The meagreness and insufficiency of our philosophy becomes daily more apparent, and facts press us fast onward to seek anew from nature an explanation of her marvels; it is not the superstitious alone who pervert facts to favour their prejudices: as often is sophistry found under the mask of philosophy, and nature herself warped and misrepresented to suit the individual judgments and assertions of those who

discard, indeed, supernatural interposition, but to supply it with arbitrary or insufficient causation; and who though weak in faith, are sceptically credulous, and so often choose the harder side. Reason must exert herself afresh; for if she pass not quickly the barrier within which partial observation has held her, she will cease to triumph as heretofore, in many minds, over vulgar experience; we have warred long enough with internal instincts, traditions, and even with the impressions of sense when these have not fallen in with our ideas of rationality; and in very faithlessness have degraded science, and given her over to the service of those petty projects and small interests which have practical sway in this sensible world.

Though the more refined operations of nature are hidden from our obtuser senses, they need not be from our understanding; we are not incapable of at least an intellectual appreciation of those finer agencies which escape common susceptibility, and are sensibly manifested only in the effects. Influences, however apparently subtle, are only so relatively to less refined subjects; for things are affected by their similars; that which is gross affects outward sense, that which is mental, cerebral sense; and so on even to the finest projections of reason towards

Intelligibles; by which we are mentally carried back to the superstantial in all things. The less grossly palpable any body is, the more simple and essentially potent does it become. "Maxima de nihili visitu fulgura fiunt." All observation, in short, tends to refine our notions, not only of causal being, but of its unfolding into physical action; passing the disputed question of the materiality of mind or powers of thinking, we are led to speculation on the essentiality of thought itself; from conjectures concerning the natural generation and mechanical suggestion of ideas in the brain, to their fixed entity, actual emanation, and constant transmission to distant objects.

"Illis viva acies, nec pupula parva, sed ignis,
Trajector nebulæ, et vasti penetrator operti.”

All perceptions perhaps require to be experienced in some degree before their idea can be truly conveyed, or their verbal expression become quite intelligible; but once forced by observation beyond the limits of ordinary experience, it matters little how far; as whatever phenomena present themselves, inscrutable though they be by present knowledge, we are assured they do not transgress the order of nature. Have we not facts of transportive

imagination enough to satisfy the boldest poetic fancy, or the ardent eloquence that long since declared that man contains within him all the powers of nature; from his being, as a centre, bearing relation to the whole, the universe is reflected in his little world.

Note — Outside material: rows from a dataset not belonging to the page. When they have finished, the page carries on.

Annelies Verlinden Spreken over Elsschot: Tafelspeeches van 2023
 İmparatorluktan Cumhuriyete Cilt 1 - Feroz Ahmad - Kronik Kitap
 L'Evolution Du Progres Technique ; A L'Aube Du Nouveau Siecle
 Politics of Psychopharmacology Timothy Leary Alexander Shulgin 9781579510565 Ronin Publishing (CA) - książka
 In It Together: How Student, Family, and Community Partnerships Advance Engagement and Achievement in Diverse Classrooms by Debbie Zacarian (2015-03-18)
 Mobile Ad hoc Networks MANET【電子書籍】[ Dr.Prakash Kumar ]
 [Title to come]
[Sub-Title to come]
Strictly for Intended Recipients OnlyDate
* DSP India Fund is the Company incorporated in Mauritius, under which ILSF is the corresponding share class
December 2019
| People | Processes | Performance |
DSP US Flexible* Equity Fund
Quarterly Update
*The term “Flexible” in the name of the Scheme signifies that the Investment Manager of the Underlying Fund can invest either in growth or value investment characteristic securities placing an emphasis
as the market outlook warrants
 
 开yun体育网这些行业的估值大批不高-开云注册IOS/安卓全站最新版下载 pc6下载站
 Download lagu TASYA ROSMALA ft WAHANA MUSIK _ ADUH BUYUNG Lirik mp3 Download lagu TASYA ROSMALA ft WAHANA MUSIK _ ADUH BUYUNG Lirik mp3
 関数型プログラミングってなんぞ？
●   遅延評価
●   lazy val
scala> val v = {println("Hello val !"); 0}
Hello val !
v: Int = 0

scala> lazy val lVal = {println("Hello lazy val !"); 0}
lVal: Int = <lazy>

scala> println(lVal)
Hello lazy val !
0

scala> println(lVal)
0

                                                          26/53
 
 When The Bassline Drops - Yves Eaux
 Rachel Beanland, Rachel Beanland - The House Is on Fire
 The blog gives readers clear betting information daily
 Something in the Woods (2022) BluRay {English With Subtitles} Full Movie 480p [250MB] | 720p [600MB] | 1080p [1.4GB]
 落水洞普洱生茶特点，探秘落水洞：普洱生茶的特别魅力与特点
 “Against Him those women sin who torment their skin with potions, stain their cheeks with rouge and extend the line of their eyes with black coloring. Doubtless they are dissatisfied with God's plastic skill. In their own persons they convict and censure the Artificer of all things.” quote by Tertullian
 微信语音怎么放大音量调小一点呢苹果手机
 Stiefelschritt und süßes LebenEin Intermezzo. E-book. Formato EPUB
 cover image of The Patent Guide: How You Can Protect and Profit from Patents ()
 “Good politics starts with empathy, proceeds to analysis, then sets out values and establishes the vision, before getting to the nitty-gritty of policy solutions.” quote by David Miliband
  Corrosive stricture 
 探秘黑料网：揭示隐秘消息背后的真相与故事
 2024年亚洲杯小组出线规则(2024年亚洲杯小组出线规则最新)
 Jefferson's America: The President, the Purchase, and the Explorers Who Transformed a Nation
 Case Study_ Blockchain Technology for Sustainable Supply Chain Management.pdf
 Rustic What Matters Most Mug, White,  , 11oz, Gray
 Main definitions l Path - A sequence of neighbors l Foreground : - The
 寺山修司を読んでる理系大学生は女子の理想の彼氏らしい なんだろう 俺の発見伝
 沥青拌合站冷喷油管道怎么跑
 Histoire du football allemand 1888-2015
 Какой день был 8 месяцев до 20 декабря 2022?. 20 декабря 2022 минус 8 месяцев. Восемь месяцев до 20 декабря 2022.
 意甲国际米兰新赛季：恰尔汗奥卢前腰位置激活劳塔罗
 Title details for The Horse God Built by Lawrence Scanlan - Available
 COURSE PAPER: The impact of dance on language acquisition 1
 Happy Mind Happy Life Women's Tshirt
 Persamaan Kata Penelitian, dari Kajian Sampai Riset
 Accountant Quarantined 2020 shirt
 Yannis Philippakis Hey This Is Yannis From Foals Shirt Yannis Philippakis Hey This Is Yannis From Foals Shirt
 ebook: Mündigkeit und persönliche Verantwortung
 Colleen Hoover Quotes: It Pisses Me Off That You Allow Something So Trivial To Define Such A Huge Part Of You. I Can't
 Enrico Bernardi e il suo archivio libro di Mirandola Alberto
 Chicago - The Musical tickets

The multitude, unpractised in matters of subtle reasoning and speculation, are incapable of perceiving aright any thing except as it outwardly affects them; in practical appliances they always go astray, in default of the first movement of the leading few; the pioneers are the responsible conductors of the march; and the early enlightened advocates of Mesmerism may, all more or less if they be active and earnest, image out into its general application the good which each individually desires.

The power of the operator's will in changing the dispositions and habits of the sleepwaker, (though for reasons above offered, very dangerous ground for experiment), cannot, as a fact, be too well noted; it is a true, though feeble and partial type of the renovating power of that all-pervading, educating, disciplining, purifying, Vital Spirit, which in former ages of the world was dignified with the name of Wisdom; and of whose concentrated power all our external

efforts for progress and amendment are but the dead and comparatively ineffective shadows.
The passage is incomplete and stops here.